:: What is needed ::
Retype the records below from their first line through the line containing "800g（200g×4パック） 急速冷凍 ほたるいか", and include nothing else.

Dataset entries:
'''

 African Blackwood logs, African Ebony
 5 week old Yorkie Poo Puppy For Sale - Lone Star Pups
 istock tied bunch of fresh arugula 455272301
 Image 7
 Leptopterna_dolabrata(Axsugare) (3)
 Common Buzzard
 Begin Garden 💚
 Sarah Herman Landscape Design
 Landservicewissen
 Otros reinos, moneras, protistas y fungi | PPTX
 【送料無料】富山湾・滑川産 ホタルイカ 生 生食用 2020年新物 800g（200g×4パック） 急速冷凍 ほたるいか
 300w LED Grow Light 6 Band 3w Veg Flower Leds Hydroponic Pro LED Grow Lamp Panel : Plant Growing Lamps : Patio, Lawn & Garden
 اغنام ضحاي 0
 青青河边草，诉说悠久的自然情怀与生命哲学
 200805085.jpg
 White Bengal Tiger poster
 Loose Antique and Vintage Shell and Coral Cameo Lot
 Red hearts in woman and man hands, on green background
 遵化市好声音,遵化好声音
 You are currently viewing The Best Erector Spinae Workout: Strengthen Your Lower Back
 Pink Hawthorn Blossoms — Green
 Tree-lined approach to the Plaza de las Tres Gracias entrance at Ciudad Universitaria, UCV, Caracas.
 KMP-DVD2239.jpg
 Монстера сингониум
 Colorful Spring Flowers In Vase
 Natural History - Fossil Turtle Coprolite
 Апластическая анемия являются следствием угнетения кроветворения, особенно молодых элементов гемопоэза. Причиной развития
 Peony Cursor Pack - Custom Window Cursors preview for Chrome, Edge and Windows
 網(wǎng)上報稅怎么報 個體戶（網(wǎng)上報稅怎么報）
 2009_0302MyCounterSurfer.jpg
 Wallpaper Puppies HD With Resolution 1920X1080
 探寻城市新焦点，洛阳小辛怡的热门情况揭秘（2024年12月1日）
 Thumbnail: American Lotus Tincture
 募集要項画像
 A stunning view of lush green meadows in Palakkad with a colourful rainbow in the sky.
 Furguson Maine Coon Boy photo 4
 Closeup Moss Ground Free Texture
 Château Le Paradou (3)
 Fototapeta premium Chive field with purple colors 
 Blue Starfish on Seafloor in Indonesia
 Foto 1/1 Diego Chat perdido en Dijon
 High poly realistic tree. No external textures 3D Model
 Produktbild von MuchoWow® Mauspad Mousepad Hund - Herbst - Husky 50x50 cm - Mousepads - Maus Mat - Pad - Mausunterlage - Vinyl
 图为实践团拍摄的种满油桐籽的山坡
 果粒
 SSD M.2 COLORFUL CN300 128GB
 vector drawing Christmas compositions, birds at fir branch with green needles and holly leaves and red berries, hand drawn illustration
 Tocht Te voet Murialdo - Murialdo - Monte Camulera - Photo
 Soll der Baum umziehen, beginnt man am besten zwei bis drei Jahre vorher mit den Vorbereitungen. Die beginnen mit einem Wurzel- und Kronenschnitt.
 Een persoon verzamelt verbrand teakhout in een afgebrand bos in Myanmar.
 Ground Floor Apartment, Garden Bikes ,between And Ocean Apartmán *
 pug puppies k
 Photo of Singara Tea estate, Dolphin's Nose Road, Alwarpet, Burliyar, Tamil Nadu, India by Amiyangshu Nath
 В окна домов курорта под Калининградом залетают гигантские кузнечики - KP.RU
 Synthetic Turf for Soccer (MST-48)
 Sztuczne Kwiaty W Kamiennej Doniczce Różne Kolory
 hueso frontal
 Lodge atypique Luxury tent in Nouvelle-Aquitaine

'''

:: Solution to the problem ::
 African Blackwood logs, African Ebony
 5 week old Yorkie Poo Puppy For Sale - Lone Star Pups
 istock tied bunch of fresh arugula 455272301
 Image 7
 Leptopterna_dolabrata(Axsugare) (3)
 Common Buzzard
 Begin Garden 💚
 Sarah Herman Landscape Design
 Landservicewissen
 Otros reinos, moneras, protistas y fungi | PPTX
 【送料無料】富山湾・滑川産 ホタルイカ 生 生食用 2020年新物 800g（200g×4パック） 急速冷凍 ほたるいか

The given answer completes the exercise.